Boeing Integrated Defence Systems, advanced systems division is building three A160 Hummingbird UAVs for the US Defense Advanced Research Projects Agency (DARPA) and eight for the US Special Operations Command (SOCOM).

The production A160T Hummingbird, with a Pratt & Whitney PW207D turboshaft engine for increased range and longer endurance, completed its first flight in June 2007 at Boeing’s airfield in Victorville, California.
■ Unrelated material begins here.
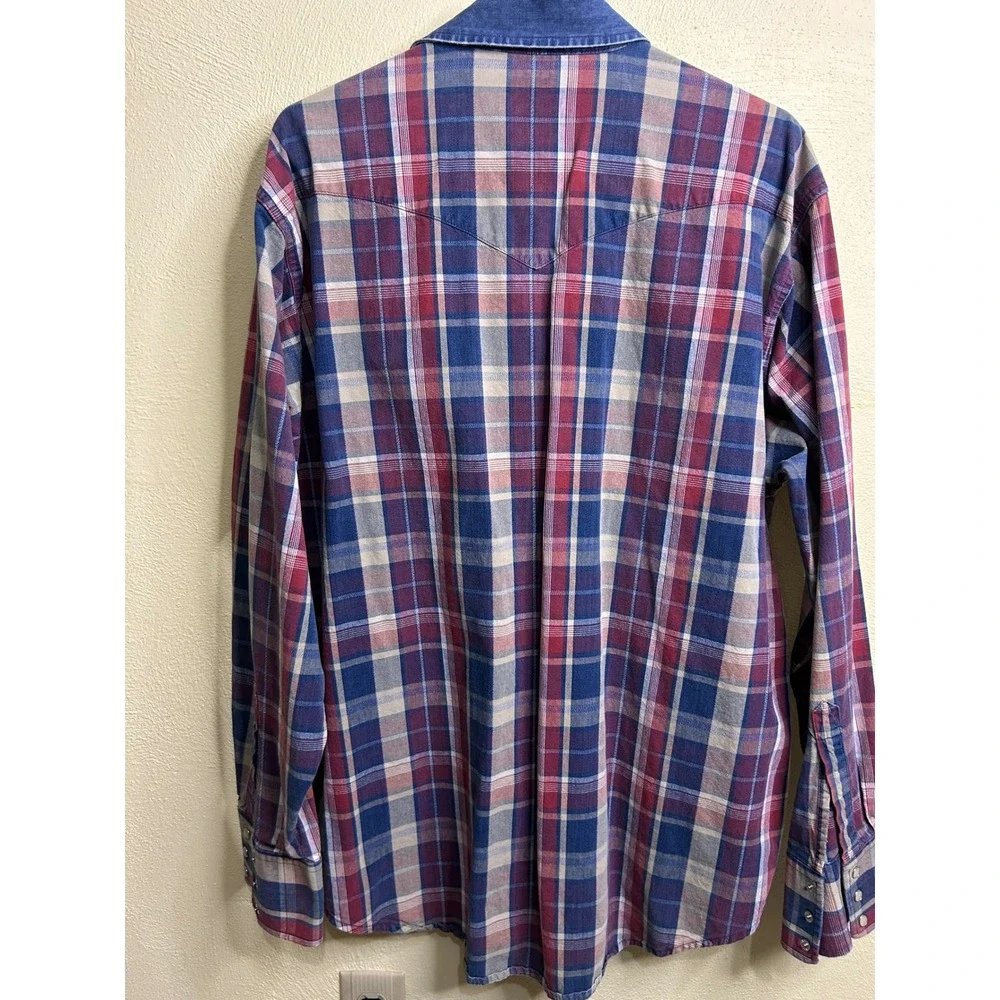 Wrangler Mens‎ Western Snap Shirt Plaid Long Sleeve Denim Collar Blue Red XXL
Previous flight testing was carried out using a six-cylinder gasoline engine.

A160 Hummingbird unmanned helicopter development

“The A160 Hummingbird long-endurance helicopter UAV is capable of carrying out persistent ISR missions.”
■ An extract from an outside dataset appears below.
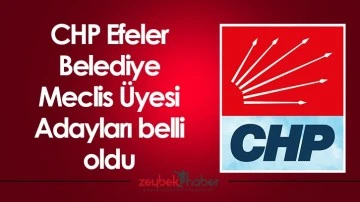 CHP Efeler Belediye Meclis &Uuml;yesi Adayları belli oldu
In May 2008, the A160T successfully completed all 14 phase I flight test demonstrations, including: flight at a maximum speed of 263km/h (142kt), an eight-hour flight carrying a 450kg (1,000lb) payload, an 18.7-hour endurance flight with a 136kg (300lb) payload and a high-altitude hover-out-of-ground effect (HOGE) demonstration at 4,572m (15,000ft) and 6,000m (20,000ft).
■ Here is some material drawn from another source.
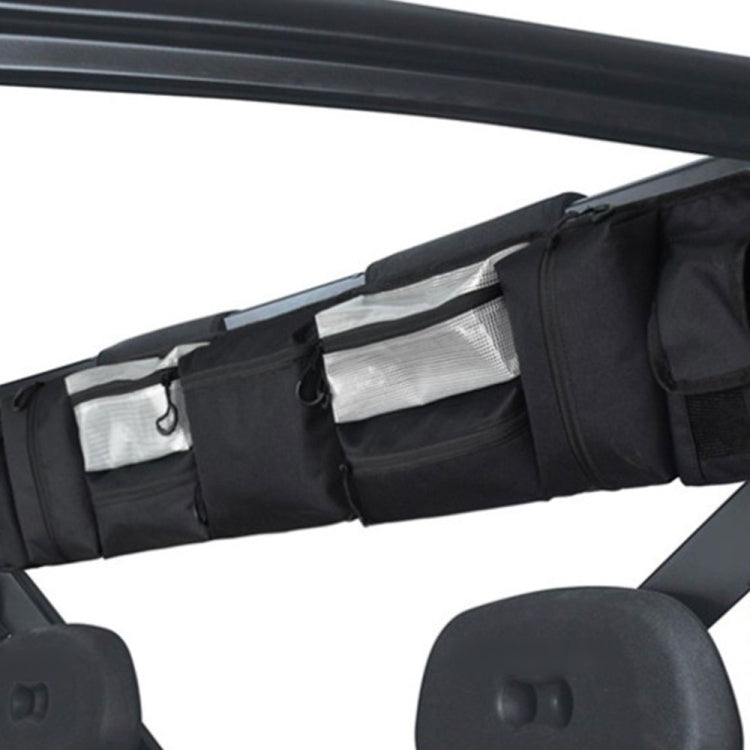 Black roll bar storage bag organizer with mesh pockets and attachment straps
The capabilities of such high-hover altitudes and payloads enable the A160 to detect slow moving targets and provide high-end detection of potential threats.

The vehicle’s technology and reliability will be consolidated to use the aircraft with a number of sensor programmes under an eight-month bridge phase by DARPA which ran from March 2008. The programme is continuing with an additional 60 hours of flight envelope expansion and 250 hours of ground testing.

In December 2008, Boeing announced that the A160T Hummingbird had achieved the use of a two-speed transmission to change gears in flight on 25 November 2008, and that the craft had transcended the 100-flight-hour mark on 20 November 2008. These tests were conducted under the $5m bridge contract between Boeing and DARPA.

In October 2009, Boeing and CSC were awarded a $5bn contract by the Special Operations Forces Support Activity (SOFSA) to provide comprehensive logistics support services to US Special Operations Command. The ten-year contract will include providing maintenance and repairs, supply chain and asset management, and information technology to enhance processes and systems within SOFSA.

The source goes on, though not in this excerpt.